- [Work required] The line with "One Block from" marks the first line to copy, and the line with "Toyota ProAce City" marks the last. Transcribe that stretch of the data below exactly, without pictures.
--- Given entries Enclosed Below ---
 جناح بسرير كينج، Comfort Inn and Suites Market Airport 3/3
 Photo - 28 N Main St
--- End of Enclosed Given entries ---
--- Given entries Enclosed Below ---
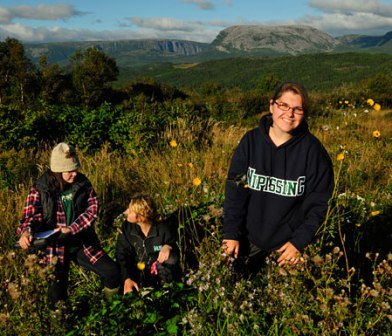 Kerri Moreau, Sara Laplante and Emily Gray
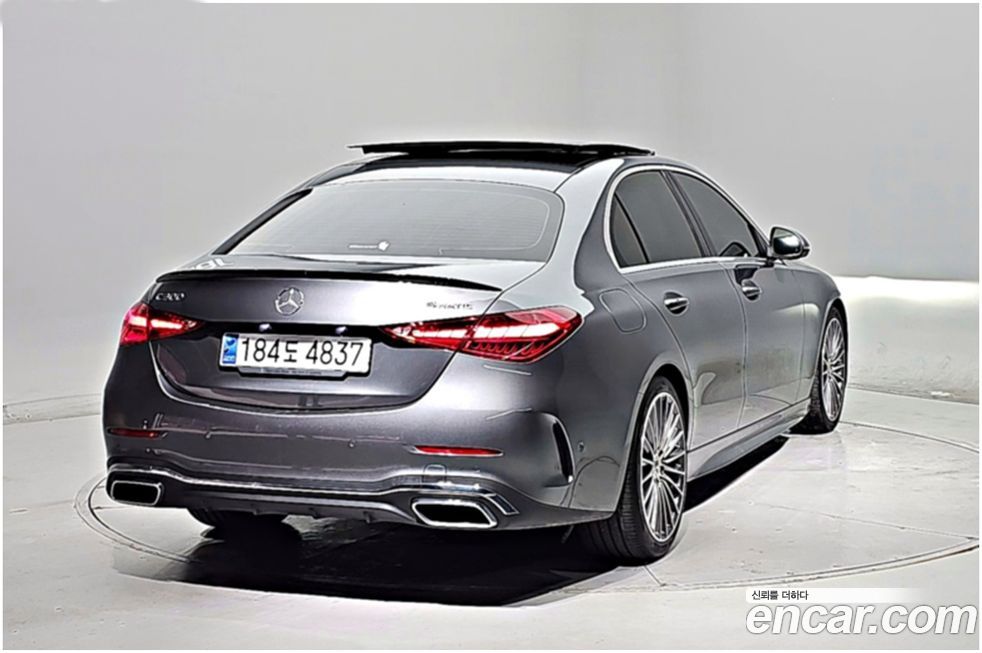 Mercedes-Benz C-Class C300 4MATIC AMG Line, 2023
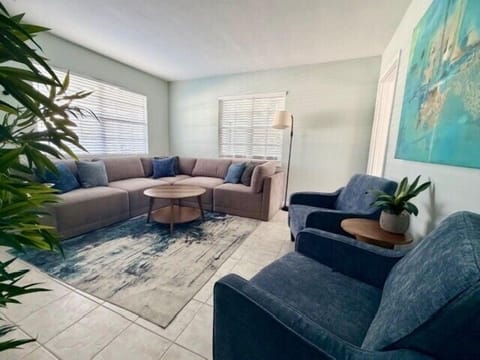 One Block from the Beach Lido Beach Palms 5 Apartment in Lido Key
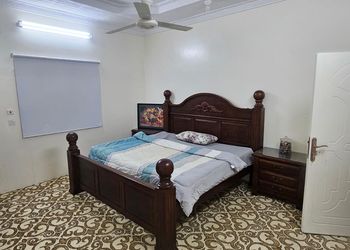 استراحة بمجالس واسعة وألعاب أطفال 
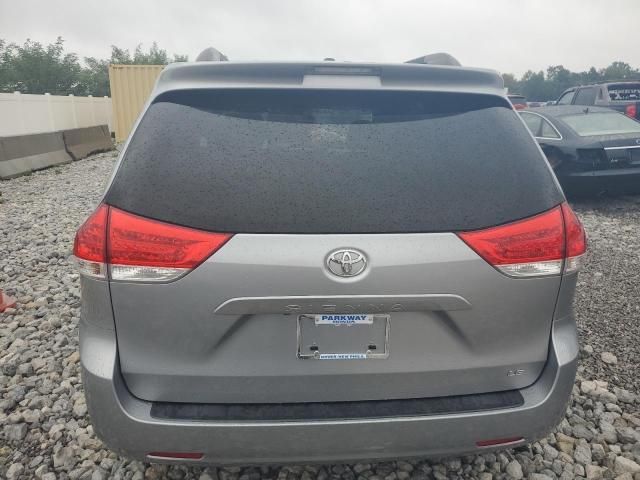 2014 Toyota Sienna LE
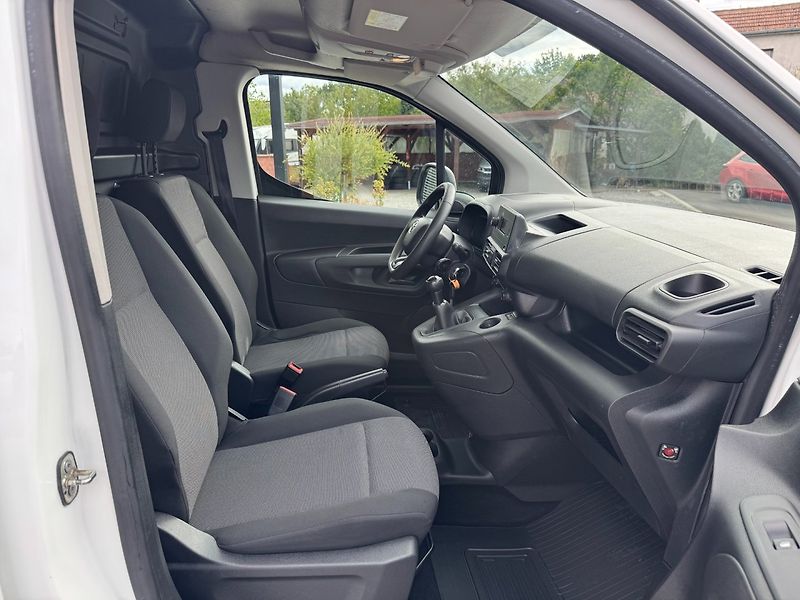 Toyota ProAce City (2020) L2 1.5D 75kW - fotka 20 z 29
--- End of Enclosed Given entries ---
- [Exercise answer]
 One Block from the Beach Lido Beach Palms 5 Apartment in Lido Key
 استراحة بمجالس واسعة وألعاب أطفال 
 2014 Toyota Sienna LE
 Toyota ProAce City (2020) L2 1.5D 75kW - fotka 20 z 29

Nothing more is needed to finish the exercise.